De nos jours, comme au Moyen Âge, les pèlerins se rendent encore en divers lieux saints dans l’espoir d’être guéris. Citons, par exemple, Lourdes, en France. À propos des nombreux prétendus miracles, le Medical World News a déclaré que ce sont des “tromperies préméditées. Parfois, elles sont motivées par la vanité, par l’espoir d’obtenir la gloire ou de l’argent, ou encore par le désir de montrer que le corps médical est incapable de découvrir une fraude”.
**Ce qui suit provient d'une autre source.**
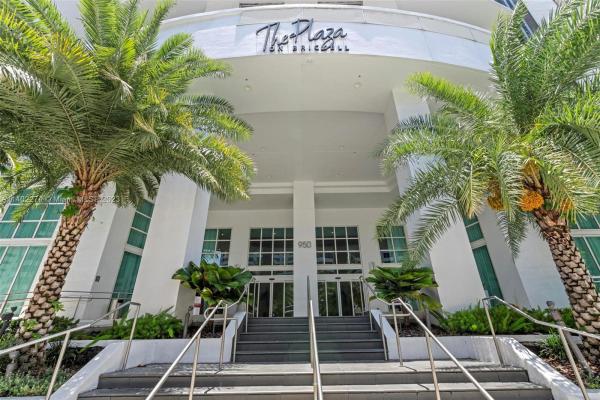 The Plaza On Brickell East, 950 Brickell Bay Dr #2008, Miami, Florida 33131, image 2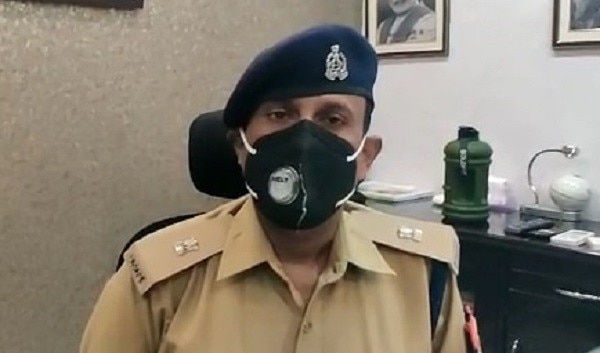 ADCP चिरंजीव नाथ. (तस्वीर- आशीष श्रीवास्तव) Up Police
Par conséquent, ne peut-on pas dire que les critiques formulées à propos des pèlerinages du Moyen Âge peuvent l’être aujourd’hui à propos de ceux qui sont prévus à Rome en 1975 ? Mais, fait beaucoup plus important, les actes de vénération qui accompagnent de tels pèlerinages ne sont-ils pas contraires à ce qui est dit à propos des vrais chrétiens dans II Corinthiens 5:7: “Nous marchons par la foi, non par la vue.” Ainsi, comme dans le passé, les pèlerinages accomplis aujourd’hui ne sont pas une expression de vraie foi.